Next we can use the inverse Fourier transform (IFT) to recover (synthesize) the signal back in spacetime, using its FT frequency-space representation. We need to recognize that the IFT is complex-valued, so we will plot and compare just the real part, i.e., the IFT-magnitude, $|IFT(\hat{x})|$, to the original signal $x(t)$. To show the exact match between the original signal and its reconstruction $IFT(FT(x))$, the original signal $x(t)$ is plotted as a smooth curve, whereas the synthesized signal $|IFT(\hat{x})|$ is plotted as point scatter.

IFT_FT_x <- Re(fft(FT_y, inverse=TRUE)/length(t))

plot_ly(x=t, y=y, type="scatter", mode="lines", name="x(t)") %>%
  add_trace(x=t, y=IFT_FT_x, mode="markers", name="|IFT(FT(x))|") %>%
  layout(title="Comparing the Original Signal to its Discrete IFT Reconstruction", 
         xaxis=list(title="time"),  yaxis=list(title="Intensity"), 
         legend=list(orientation='h', y=-0.2))

The Fourier transform has many applications because its spectral decomposition explicates periodic frequency patters in data and it facilitates solving differential and integral equations, see this article, DOI: 10.1016/j.padiff.2022.100280 for examples.

For instance,

\[\frac{d}{dt}\left( c_{\omega} e^{2\pi i \omega t/n}\right) = \frac{2\pi i \omega}{n} c_{\omega} e^{2\pi i \omega t/n}\ ,\]

which implies that

\[\left (\hat{x}(\omega)\right )' = \frac{2\pi i \omega}{n} \hat{x}(\omega) \] and various properties deriving from the FT linearity facilitate scientific computing.

Signal horizontal shifts are easy to compute, e.g., if $y(t) = x(t-t_0)$ then

\[\hat{y}(\omega) = \hat{x}(\omega) e^{-2\pi i t_0 \omega/n}\ .\]

Spacetime convolutions transform into frequency k-space multiplication, and conversely, convolution in the frequency domain coresponds to multiplication in the time domain.
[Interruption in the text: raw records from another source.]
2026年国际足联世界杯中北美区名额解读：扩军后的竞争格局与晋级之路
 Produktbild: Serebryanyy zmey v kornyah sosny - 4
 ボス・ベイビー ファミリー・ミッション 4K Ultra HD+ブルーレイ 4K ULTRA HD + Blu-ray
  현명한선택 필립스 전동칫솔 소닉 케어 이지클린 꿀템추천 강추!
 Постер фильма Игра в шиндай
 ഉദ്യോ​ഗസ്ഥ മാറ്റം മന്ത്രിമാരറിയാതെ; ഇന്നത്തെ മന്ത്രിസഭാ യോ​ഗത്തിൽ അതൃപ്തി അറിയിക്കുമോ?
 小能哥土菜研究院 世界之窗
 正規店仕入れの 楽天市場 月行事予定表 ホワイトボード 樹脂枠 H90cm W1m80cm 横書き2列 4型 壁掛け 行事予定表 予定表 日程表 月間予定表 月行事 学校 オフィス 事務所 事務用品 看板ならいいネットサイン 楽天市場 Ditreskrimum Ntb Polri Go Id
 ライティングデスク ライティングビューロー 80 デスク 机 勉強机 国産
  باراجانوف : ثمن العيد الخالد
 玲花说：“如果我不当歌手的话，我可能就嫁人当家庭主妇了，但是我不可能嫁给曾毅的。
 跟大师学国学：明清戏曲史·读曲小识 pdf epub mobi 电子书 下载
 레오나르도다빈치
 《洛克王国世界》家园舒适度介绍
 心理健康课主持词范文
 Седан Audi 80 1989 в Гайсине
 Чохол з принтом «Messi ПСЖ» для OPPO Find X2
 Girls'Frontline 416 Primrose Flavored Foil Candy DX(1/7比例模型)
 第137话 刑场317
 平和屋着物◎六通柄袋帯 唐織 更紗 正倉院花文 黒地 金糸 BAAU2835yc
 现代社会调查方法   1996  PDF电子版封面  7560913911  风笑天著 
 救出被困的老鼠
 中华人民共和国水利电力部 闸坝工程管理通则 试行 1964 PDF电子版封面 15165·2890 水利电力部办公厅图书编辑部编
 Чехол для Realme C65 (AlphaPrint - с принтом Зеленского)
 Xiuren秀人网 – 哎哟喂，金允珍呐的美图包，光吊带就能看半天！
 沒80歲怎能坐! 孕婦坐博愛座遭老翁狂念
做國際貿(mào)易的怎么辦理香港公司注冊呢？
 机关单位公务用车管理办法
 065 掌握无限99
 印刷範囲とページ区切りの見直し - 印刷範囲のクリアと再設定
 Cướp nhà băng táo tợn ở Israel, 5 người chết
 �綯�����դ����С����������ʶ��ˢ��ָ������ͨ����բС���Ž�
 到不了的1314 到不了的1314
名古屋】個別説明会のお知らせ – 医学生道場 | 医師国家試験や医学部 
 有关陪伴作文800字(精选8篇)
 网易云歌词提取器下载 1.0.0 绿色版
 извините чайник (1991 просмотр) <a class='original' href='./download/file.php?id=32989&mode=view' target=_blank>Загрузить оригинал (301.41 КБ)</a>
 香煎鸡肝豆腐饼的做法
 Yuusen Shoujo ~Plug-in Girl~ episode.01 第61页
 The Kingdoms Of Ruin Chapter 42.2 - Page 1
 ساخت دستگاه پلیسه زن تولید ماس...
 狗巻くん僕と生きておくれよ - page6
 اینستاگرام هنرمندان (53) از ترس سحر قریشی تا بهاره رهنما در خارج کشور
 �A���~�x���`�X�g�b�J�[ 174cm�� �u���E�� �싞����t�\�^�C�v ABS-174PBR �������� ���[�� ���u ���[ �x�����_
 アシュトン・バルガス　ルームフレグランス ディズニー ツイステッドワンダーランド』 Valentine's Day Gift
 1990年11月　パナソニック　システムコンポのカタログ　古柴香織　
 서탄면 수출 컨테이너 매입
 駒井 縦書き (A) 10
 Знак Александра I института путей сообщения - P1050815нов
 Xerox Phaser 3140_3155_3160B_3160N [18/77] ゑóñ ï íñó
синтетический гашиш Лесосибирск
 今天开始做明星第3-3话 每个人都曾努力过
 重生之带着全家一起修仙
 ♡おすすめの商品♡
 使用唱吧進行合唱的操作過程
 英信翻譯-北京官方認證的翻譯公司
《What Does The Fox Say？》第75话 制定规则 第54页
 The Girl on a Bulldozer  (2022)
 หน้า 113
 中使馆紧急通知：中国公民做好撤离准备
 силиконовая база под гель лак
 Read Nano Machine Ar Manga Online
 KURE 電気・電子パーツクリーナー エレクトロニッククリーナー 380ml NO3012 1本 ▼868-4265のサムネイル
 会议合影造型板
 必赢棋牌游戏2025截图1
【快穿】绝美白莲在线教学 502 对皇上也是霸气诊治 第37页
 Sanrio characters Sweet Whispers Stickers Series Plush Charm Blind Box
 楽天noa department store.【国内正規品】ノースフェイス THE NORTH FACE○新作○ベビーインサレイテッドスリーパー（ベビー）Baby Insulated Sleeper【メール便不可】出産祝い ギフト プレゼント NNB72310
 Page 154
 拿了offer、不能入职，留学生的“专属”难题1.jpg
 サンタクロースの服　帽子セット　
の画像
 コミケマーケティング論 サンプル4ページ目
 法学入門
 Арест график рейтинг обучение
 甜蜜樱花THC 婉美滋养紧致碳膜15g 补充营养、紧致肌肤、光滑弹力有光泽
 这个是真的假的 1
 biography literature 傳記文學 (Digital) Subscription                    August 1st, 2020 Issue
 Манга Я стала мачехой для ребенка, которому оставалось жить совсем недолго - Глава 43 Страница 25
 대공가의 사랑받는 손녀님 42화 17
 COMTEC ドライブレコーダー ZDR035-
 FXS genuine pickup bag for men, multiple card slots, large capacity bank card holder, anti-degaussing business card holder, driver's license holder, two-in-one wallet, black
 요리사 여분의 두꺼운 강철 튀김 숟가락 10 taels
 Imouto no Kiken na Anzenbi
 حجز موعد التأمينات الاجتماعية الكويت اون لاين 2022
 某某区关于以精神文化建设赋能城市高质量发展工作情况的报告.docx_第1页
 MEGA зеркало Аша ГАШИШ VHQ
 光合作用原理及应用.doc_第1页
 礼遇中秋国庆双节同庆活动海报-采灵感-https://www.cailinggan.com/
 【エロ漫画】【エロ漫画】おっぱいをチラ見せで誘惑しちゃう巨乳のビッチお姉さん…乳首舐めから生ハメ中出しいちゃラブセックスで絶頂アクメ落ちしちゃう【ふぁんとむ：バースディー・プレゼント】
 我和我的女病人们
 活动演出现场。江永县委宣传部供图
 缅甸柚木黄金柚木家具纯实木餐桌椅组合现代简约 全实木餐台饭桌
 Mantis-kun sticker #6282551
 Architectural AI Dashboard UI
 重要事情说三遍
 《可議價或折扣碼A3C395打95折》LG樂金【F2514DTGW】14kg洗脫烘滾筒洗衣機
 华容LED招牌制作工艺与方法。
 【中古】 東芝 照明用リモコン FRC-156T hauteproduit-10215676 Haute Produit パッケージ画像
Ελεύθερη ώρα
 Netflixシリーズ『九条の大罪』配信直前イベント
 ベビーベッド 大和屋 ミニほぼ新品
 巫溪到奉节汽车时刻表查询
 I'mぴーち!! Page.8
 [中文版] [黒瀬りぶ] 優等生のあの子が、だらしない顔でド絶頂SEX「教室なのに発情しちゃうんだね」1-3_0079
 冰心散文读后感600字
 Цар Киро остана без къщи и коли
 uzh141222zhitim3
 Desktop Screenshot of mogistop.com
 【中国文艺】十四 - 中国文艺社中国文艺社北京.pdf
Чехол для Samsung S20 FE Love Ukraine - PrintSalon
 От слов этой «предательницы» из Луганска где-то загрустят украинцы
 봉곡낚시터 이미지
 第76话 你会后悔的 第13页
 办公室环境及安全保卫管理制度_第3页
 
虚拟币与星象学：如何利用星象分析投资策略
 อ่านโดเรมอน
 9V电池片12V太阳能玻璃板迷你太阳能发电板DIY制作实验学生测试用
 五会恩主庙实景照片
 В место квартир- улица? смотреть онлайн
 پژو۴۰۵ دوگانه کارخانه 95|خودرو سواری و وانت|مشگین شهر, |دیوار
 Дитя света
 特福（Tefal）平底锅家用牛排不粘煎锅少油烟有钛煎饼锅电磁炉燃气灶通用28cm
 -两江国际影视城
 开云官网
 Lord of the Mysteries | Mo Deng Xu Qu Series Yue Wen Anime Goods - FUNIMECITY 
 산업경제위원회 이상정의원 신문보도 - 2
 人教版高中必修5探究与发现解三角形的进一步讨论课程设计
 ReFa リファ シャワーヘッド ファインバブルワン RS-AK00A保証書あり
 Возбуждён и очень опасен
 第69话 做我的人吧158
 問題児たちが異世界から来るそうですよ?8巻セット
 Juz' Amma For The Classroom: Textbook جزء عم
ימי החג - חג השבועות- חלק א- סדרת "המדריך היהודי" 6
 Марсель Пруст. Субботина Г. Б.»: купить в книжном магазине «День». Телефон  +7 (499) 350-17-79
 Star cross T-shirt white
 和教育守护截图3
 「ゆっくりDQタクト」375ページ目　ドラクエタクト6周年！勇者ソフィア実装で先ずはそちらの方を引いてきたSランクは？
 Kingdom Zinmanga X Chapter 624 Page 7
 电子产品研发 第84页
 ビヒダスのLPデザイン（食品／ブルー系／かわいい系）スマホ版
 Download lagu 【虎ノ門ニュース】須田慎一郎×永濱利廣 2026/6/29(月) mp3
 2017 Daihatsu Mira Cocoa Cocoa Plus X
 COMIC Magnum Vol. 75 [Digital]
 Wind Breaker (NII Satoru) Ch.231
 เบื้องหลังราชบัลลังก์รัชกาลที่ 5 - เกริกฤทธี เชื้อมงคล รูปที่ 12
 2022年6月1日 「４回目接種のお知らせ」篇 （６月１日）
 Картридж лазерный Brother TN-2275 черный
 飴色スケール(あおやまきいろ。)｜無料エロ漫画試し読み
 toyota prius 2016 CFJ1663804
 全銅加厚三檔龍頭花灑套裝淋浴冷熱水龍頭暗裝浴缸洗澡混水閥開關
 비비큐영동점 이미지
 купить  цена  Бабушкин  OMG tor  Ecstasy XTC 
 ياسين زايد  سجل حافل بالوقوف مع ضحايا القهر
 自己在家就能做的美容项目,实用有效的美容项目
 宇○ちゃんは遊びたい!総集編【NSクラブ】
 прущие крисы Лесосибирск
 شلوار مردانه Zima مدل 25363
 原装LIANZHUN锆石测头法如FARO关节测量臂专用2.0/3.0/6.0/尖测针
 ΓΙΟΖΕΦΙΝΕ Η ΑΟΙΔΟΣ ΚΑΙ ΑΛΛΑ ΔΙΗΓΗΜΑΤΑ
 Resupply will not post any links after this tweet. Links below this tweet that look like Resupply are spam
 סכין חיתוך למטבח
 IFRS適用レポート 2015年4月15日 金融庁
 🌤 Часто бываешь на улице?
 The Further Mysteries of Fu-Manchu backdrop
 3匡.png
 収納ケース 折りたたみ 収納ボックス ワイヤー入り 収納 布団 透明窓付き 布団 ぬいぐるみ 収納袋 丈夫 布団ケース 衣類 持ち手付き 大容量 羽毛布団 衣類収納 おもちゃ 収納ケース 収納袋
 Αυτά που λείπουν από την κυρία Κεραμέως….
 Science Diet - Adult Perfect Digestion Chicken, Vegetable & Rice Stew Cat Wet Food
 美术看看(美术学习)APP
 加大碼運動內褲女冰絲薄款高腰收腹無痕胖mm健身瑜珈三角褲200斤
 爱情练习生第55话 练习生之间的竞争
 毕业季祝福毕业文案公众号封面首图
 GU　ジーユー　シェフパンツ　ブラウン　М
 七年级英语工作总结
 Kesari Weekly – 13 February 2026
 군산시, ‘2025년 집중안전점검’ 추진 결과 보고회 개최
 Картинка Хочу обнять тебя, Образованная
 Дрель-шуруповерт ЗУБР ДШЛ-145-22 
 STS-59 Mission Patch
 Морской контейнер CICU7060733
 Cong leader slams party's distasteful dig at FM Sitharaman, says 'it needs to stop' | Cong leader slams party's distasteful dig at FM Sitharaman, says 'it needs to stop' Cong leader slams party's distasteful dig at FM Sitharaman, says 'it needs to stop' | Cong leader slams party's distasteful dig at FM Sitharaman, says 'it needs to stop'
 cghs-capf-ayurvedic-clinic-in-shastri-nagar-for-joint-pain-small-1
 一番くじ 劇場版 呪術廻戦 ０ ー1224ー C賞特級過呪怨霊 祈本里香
Convolutions represent weighted sums of $x$ values around $t$, with weights given by a kernel $h$

\[\underbrace{(x * h)}_{convolution}(t) \equiv \sum_{s=0}^{n-1}{x(s) h(t-s)}\ .\] \[\underbrace{\widehat{(x * h)}}_{FT(convolution)}(\omega) = \underbrace{\hat{x}(\omega) \cdot \hat{h}}_{muliplication}(\omega)\ .\]

Let’s consider a stationary time-process $x(t)$, with autocovariance $\gamma(h)$. Suppose $\mu_t = \mathbb{E}(x_t)$ is the expected value of the stationary process. The autocovariance is

\[{K}_{xx}(t_1,t_2) = {cov}\left(x_{t_1}, x_{t_2}\right) = \mathbb{E}((x_{t_1} - \mu_{t_1})(x_{t_2} - \mu_{t_2})) = \mathbb{E}(x_{t_1} x_{t_2}) - \mu_{t_1} \mu_{t_2}\ .\]

When $x = x(t)$ and $y = x(t + h)$, the covariance ${K}_{xy}(t,t+h)=\gamma(t,t+h)=\gamma(h)$ is then a function of their time separation (or lag). We’ll reflect on the Fourier transform of $\gamma$

\[\hat{\gamma}(\omega) = \sum_{h=0}^{n-1}{\gamma(h) e^{-2\pi i h \omega/n}}\] relative to the Fourier transform of the process $\hat{x}$.

Since $x(t)$ is random, $\hat{x}(\omega)$ is also random and the amplitude $|\hat{x}(\omega)|$ is random, and the power $|\hat{x}(\omega)|^2$ is random.

However, the power spectrum is a real scalar (not-random)

\[S(\omega) = \mathbb{E}{|\hat{x}(\omega)|^2}\ .\]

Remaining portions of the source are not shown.